[Work instruction]
Leave out every picture, and return exactly the lines from the line containing "Sky Plus Hotel & Resort Ho 外观 照片" through the end of the records below, both inclusive.

[Exercise input]
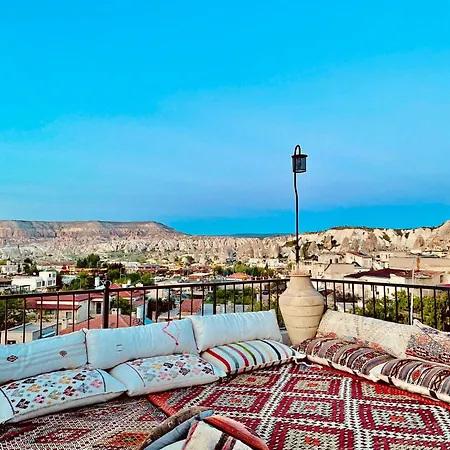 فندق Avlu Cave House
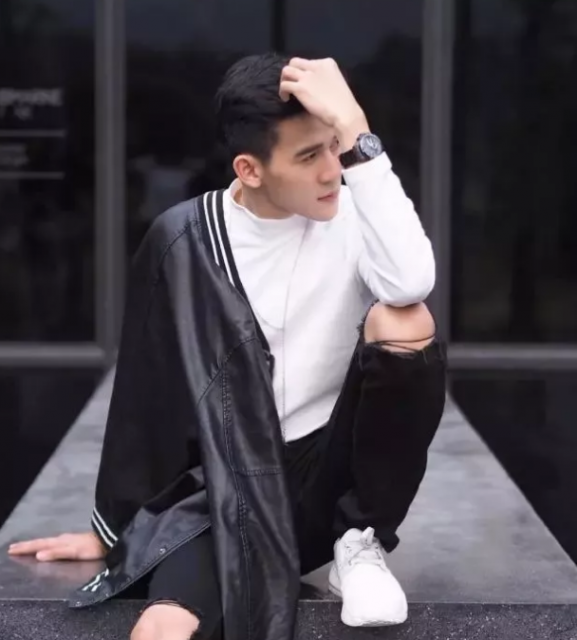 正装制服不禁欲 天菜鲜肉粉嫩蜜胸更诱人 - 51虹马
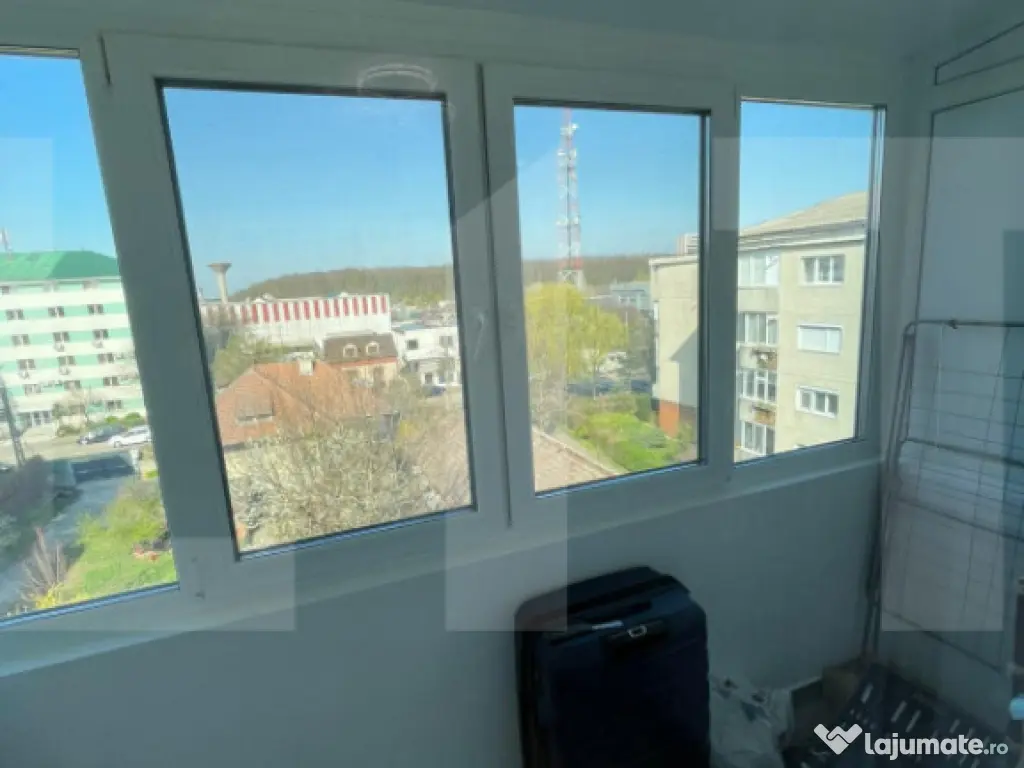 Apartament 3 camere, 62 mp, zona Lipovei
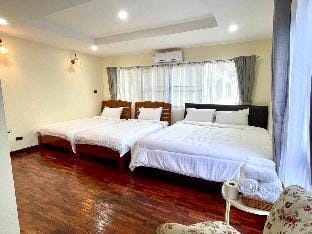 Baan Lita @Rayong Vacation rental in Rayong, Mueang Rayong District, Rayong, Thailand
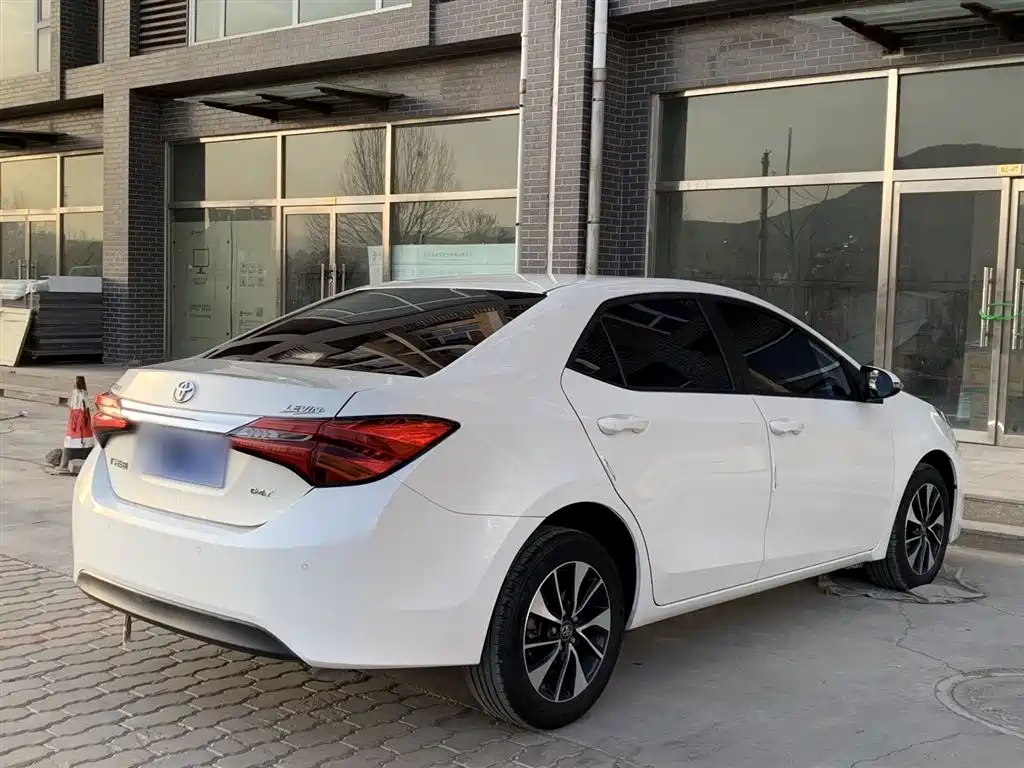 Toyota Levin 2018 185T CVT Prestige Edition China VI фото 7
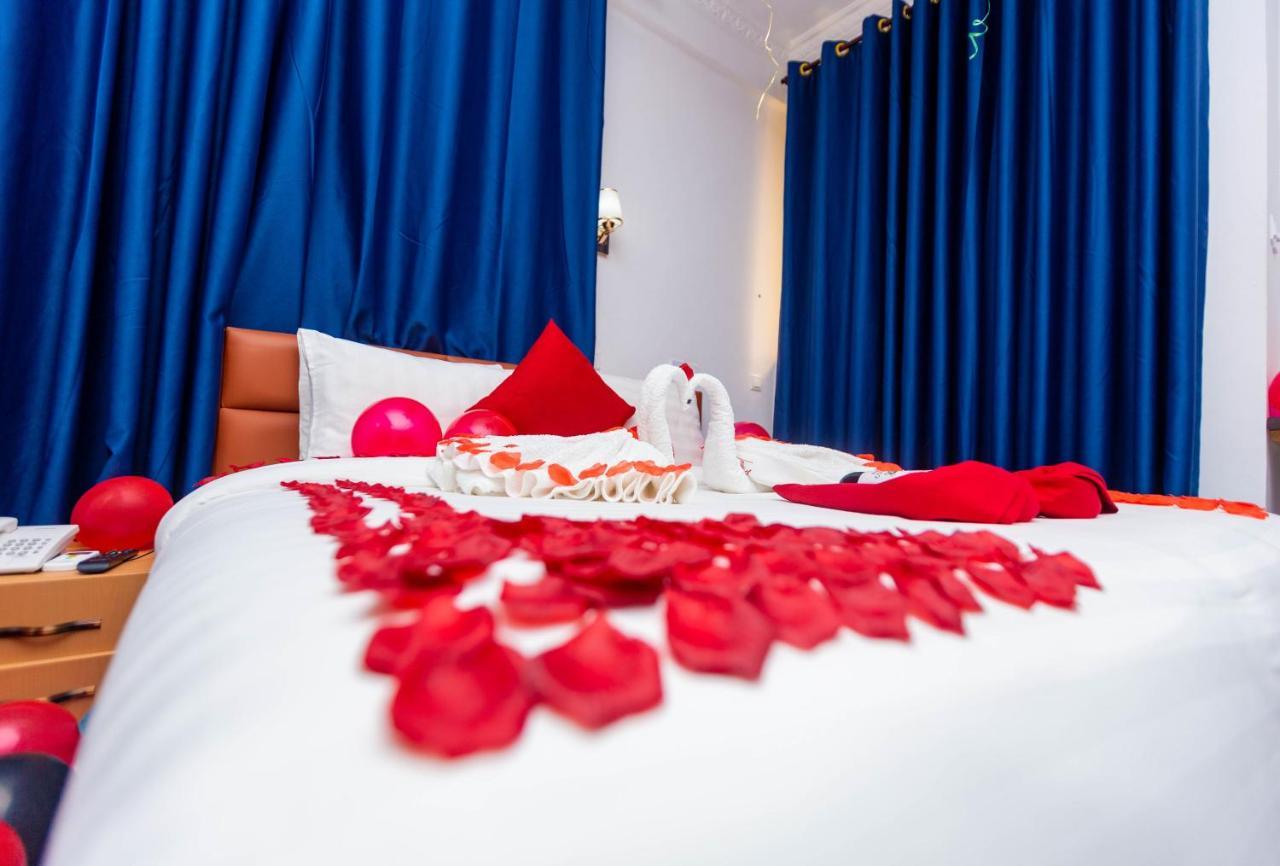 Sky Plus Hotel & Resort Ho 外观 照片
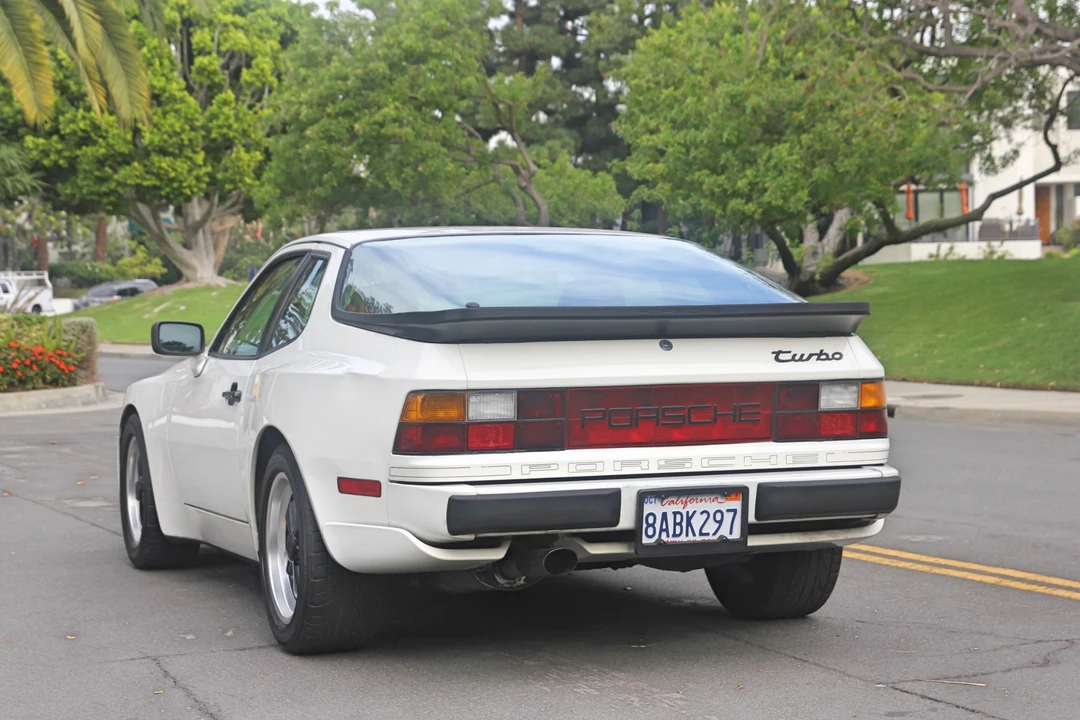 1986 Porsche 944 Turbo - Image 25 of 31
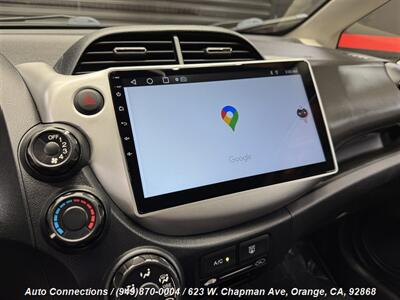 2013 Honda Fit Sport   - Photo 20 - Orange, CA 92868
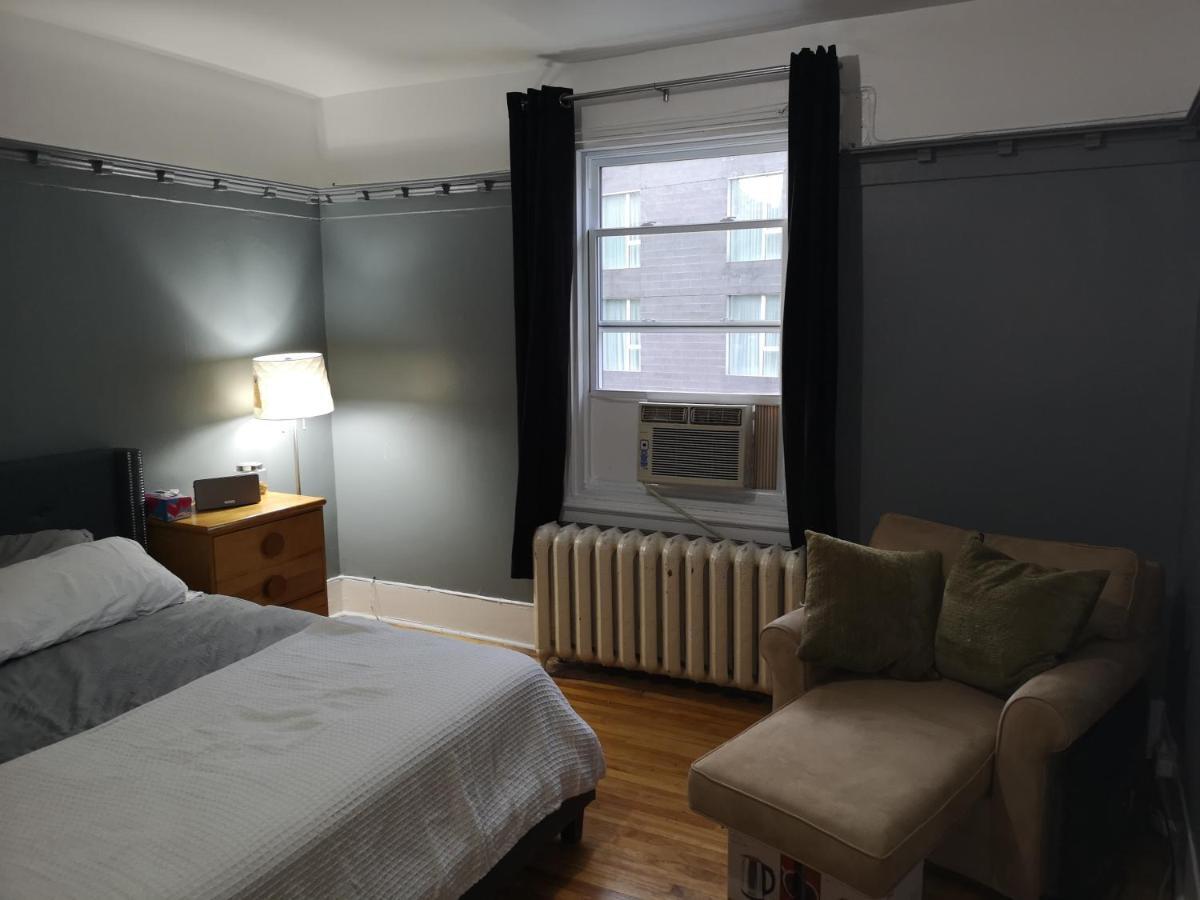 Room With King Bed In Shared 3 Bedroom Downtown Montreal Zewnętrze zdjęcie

[Solution to this problem]
 Sky Plus Hotel & Resort Ho 外观 照片
 1986 Porsche 944 Turbo - Image 25 of 31
 2013 Honda Fit Sport   - Photo 20 - Orange, CA 92868
 Room With King Bed In Shared 3 Bedroom Downtown Montreal Zewnętrze zdjęcie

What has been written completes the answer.